━━━ Materials provided ━━━

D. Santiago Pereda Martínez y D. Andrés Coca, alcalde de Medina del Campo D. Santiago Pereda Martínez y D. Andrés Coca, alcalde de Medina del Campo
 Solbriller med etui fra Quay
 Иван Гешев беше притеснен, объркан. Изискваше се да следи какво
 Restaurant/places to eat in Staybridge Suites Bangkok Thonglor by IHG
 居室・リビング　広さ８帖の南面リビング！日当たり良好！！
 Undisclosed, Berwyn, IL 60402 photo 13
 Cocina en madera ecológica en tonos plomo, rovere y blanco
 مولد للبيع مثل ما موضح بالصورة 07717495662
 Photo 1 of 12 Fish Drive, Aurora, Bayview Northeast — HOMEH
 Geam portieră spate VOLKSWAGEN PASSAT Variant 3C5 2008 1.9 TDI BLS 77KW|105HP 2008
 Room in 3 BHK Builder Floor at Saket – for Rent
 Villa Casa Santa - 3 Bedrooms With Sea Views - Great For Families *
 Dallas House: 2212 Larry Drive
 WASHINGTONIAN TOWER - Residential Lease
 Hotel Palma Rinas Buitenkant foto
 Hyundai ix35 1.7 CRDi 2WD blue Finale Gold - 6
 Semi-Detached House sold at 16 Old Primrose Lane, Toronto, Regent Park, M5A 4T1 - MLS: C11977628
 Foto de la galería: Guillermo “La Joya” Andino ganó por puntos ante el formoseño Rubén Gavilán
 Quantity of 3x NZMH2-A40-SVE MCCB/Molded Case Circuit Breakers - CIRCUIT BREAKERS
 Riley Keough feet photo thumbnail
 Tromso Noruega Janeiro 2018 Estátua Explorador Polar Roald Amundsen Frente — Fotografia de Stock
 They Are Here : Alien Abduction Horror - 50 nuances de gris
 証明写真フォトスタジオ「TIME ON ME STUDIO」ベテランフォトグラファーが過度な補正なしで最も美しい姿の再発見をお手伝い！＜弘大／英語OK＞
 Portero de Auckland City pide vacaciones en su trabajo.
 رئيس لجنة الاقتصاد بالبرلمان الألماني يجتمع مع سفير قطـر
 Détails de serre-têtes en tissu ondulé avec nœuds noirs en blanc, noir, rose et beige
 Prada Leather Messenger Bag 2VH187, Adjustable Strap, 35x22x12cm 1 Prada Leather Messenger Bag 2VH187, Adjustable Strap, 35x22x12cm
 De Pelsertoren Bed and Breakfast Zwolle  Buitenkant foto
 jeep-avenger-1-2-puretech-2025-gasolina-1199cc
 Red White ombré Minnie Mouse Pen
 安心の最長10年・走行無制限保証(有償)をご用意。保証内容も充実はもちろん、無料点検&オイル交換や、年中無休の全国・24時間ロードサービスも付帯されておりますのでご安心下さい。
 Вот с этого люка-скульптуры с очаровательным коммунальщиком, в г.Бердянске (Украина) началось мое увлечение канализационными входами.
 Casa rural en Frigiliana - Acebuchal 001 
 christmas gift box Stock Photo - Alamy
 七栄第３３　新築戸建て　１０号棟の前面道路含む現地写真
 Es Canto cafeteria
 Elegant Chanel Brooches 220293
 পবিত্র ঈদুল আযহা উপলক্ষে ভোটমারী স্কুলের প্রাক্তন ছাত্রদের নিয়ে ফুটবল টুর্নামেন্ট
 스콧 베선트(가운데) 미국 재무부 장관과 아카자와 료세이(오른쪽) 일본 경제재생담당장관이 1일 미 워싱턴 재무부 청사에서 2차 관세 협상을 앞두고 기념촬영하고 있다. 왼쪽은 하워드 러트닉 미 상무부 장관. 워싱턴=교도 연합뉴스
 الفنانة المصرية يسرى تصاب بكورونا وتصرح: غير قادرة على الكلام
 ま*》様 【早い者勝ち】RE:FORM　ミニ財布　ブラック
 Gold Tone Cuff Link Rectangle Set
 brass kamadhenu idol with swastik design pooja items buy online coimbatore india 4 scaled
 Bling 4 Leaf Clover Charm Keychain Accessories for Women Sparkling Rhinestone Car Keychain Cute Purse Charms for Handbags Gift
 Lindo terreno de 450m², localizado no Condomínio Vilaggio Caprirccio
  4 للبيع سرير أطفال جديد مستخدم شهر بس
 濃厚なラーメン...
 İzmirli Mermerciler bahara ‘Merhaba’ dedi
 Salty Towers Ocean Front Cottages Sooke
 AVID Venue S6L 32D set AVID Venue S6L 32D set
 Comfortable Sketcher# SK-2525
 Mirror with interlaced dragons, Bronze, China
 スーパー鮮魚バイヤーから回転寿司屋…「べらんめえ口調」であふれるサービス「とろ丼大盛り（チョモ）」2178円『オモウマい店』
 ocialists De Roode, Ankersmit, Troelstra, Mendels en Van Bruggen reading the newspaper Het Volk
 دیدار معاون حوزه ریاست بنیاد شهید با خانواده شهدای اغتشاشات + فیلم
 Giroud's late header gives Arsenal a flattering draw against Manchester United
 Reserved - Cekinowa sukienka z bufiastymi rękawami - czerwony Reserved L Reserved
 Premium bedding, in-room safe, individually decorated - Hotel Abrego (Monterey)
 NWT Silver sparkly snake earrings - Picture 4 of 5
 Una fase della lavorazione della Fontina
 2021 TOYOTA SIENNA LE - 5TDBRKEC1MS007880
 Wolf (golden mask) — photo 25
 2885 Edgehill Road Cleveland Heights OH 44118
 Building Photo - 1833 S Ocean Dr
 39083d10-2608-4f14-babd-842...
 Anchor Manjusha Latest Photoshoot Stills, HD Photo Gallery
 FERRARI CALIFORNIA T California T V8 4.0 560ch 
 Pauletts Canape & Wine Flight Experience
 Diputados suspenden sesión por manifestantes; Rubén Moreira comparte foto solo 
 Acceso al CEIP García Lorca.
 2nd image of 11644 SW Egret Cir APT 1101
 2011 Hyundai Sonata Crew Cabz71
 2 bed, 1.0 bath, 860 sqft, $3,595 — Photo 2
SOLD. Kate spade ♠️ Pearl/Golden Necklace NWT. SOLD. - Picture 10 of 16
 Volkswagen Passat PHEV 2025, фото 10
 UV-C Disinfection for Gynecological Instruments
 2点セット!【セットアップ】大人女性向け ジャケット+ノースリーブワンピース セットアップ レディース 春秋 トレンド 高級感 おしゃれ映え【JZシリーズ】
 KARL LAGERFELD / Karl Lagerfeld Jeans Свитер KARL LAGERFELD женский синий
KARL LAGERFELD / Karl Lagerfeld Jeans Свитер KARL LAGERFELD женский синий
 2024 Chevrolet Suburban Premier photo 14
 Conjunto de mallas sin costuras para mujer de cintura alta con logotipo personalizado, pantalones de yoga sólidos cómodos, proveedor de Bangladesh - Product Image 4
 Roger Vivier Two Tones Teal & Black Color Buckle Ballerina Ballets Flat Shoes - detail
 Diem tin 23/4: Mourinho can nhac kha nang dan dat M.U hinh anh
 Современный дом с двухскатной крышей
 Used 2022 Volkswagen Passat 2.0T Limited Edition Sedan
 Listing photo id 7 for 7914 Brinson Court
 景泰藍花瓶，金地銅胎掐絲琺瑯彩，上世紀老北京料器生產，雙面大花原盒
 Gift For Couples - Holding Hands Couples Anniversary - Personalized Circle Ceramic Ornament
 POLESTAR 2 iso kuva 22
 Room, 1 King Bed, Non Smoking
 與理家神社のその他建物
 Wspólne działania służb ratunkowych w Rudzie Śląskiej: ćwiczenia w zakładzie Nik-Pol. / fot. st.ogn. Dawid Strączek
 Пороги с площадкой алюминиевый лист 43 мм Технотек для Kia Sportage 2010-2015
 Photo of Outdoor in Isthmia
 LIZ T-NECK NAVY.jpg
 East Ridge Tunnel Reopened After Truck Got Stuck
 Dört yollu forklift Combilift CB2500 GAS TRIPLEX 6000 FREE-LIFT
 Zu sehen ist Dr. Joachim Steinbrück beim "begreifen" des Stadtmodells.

━━━

▶ _Instructions for the task_
Filter the records above and copy every line that contains the word "Karl".

▶ _Problem solution_
 KARL LAGERFELD / Karl Lagerfeld Jeans Свитер KARL LAGERFELD женский синий
KARL LAGERFELD / Karl Lagerfeld Jeans Свитер KARL LAGERFELD женский синий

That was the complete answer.